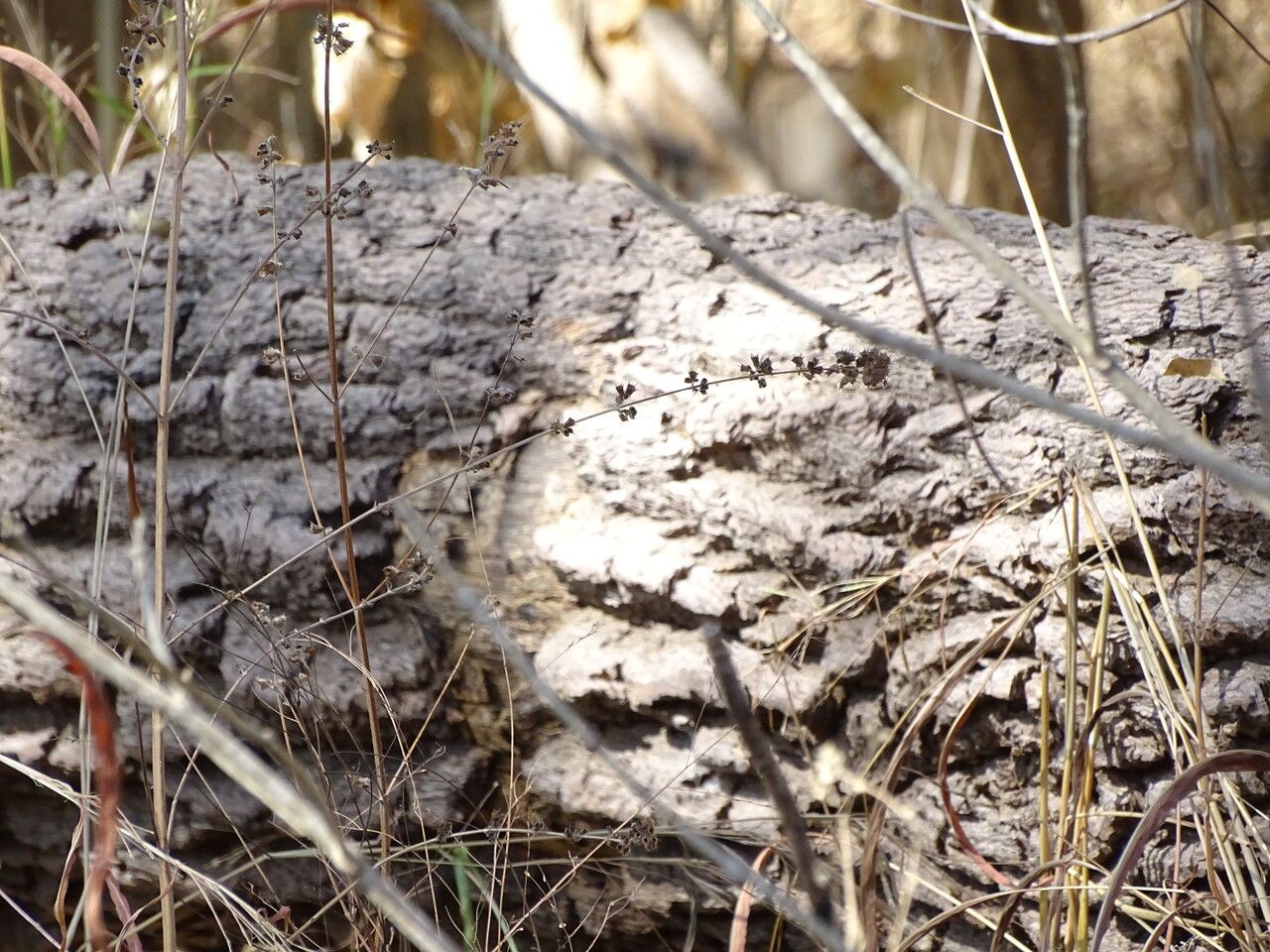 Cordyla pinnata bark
▬▬▬▬▬▬▬▬▬▬
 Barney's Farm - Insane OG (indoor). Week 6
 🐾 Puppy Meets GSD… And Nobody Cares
▬▬▬▬▬▬▬▬▬▬
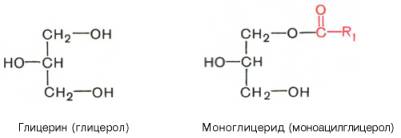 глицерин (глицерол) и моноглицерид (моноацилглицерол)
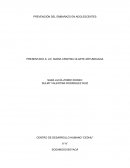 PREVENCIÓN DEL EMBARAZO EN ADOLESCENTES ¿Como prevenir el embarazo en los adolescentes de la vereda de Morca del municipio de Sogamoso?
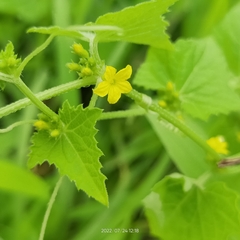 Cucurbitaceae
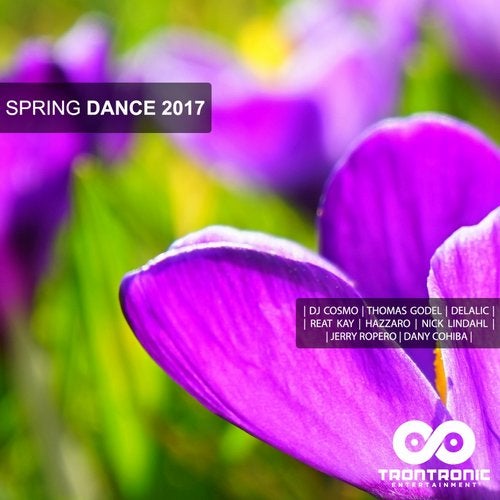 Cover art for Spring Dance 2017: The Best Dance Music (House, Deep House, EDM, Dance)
▬▬▬▬▬▬▬▬▬▬
#### Problem details
In the entries above, find the line containing "PREVENCIÓN DEL EMBARAZO" and the line containing "Cover art for", then copy both and every line between them exactly, without any picture.

#### Your response
 PREVENCIÓN DEL EMBARAZO EN ADOLESCENTES ¿Como prevenir el embarazo en los adolescentes de la vereda de Morca del municipio de Sogamoso?
 Cucurbitaceae
 Cover art for Spring Dance 2017: The Best Dance Music (House, Deep House, EDM, Dance)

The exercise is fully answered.